→ **HOW TO COMPLETE THIS TASK**
A faithful copy is needed of the lines below from the one with "Blue Mount Comfort Dlx Water Purifier" up to and including the one with "Ronzille Fixer Long Lasting 60 Ml"; set it down with no pictures and no other lines.

→ **THE DATA**
○ ○ ○
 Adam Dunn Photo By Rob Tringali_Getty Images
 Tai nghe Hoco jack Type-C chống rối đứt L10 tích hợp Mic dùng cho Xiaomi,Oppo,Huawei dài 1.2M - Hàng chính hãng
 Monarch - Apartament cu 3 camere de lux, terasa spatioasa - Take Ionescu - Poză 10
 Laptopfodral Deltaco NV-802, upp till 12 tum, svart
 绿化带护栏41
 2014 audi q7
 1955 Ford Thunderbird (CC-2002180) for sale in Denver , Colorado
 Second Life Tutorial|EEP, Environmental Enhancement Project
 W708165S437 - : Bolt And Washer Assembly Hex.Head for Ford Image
○ ○ ○
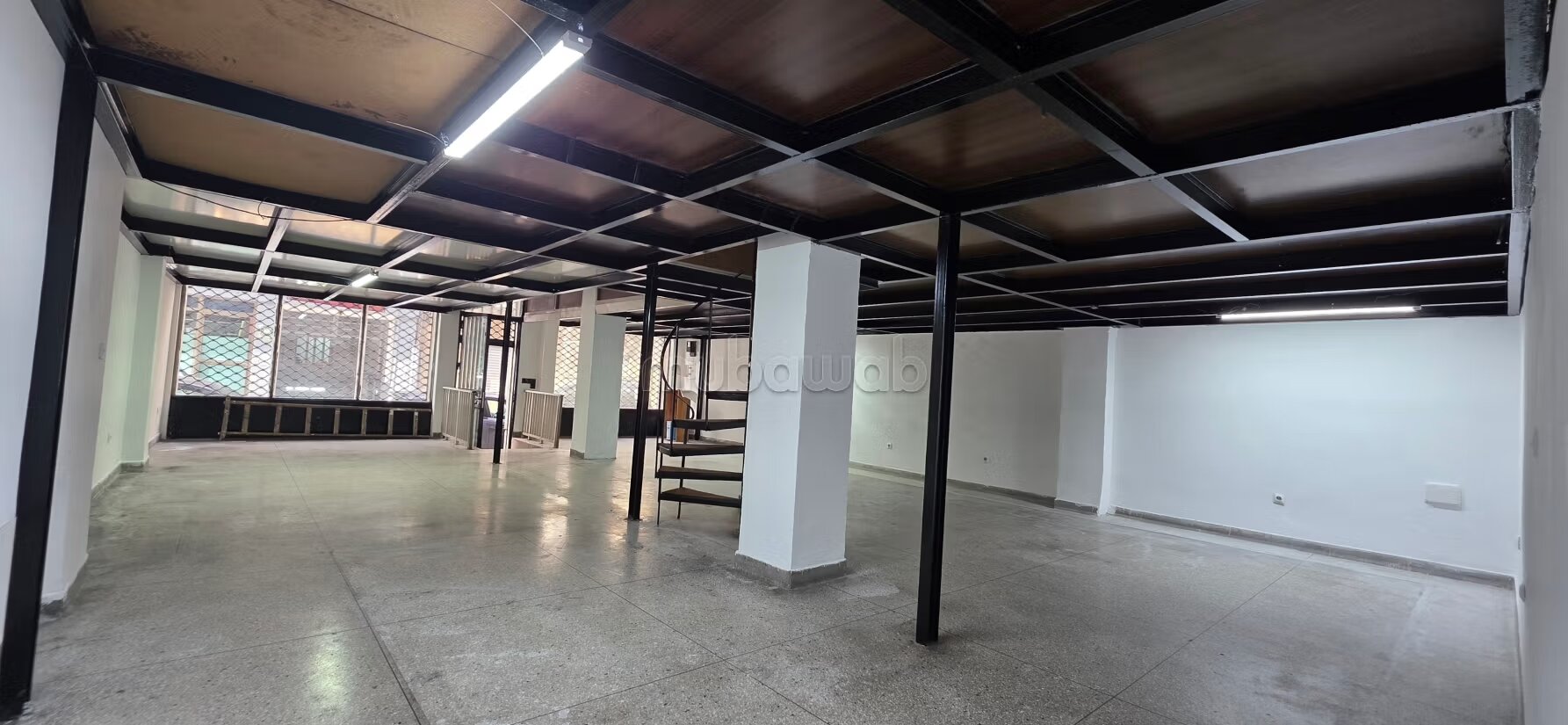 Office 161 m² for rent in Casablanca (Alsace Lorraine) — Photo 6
○ ○ ○
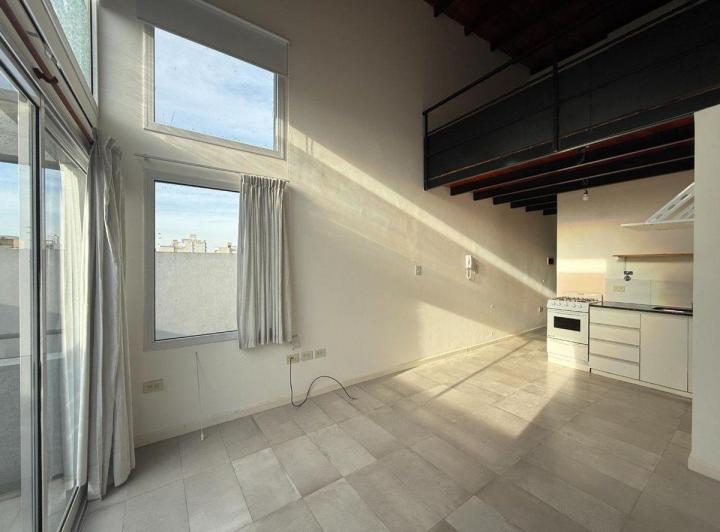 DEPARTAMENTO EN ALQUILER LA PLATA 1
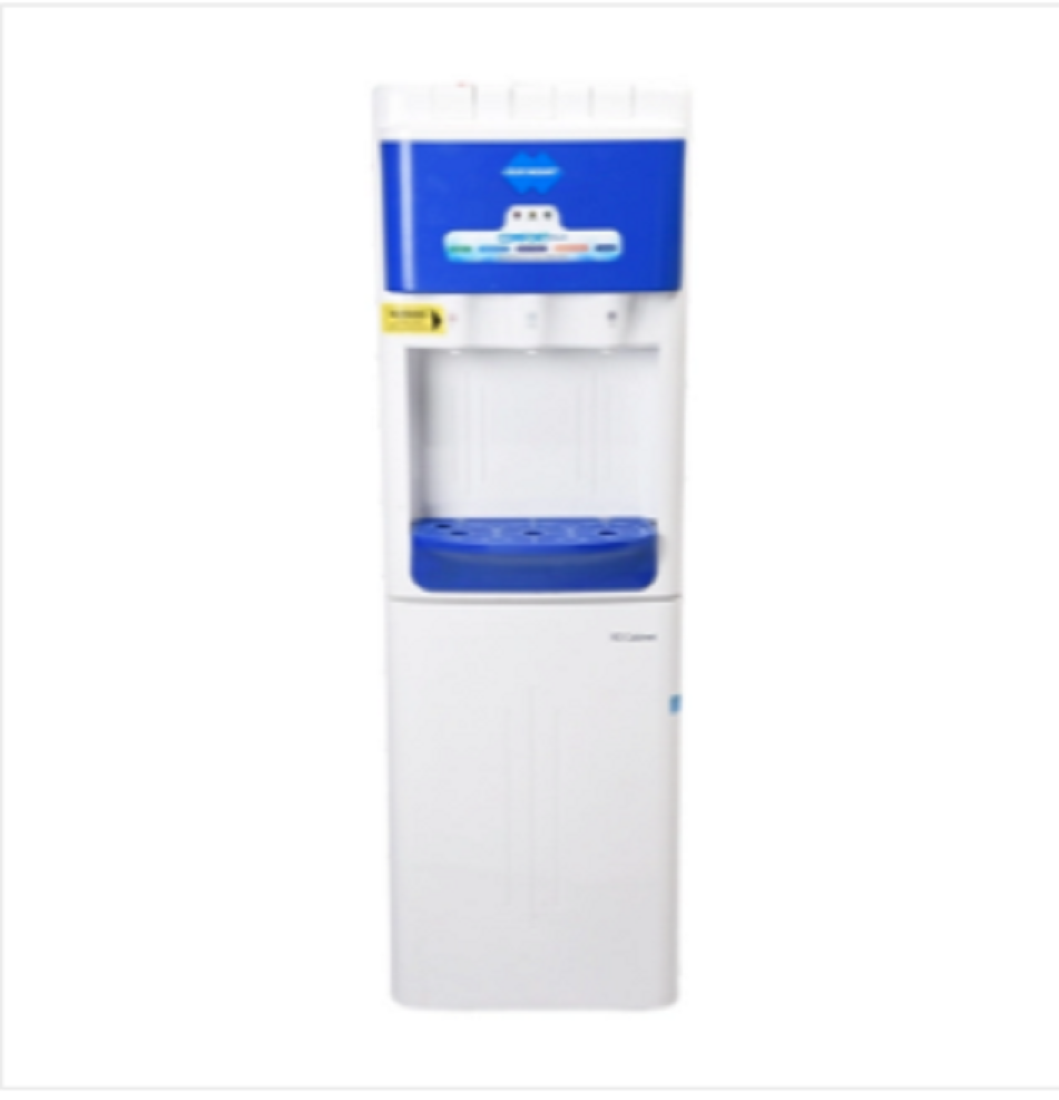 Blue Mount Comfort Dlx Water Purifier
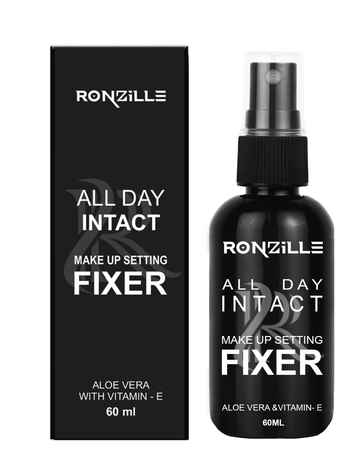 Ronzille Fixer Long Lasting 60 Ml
○ ○ ○
→ **SOLUTION FOR THIS TASK**
 Blue Mount Comfort Dlx Water Purifier
 Ronzille Fixer Long Lasting 60 Ml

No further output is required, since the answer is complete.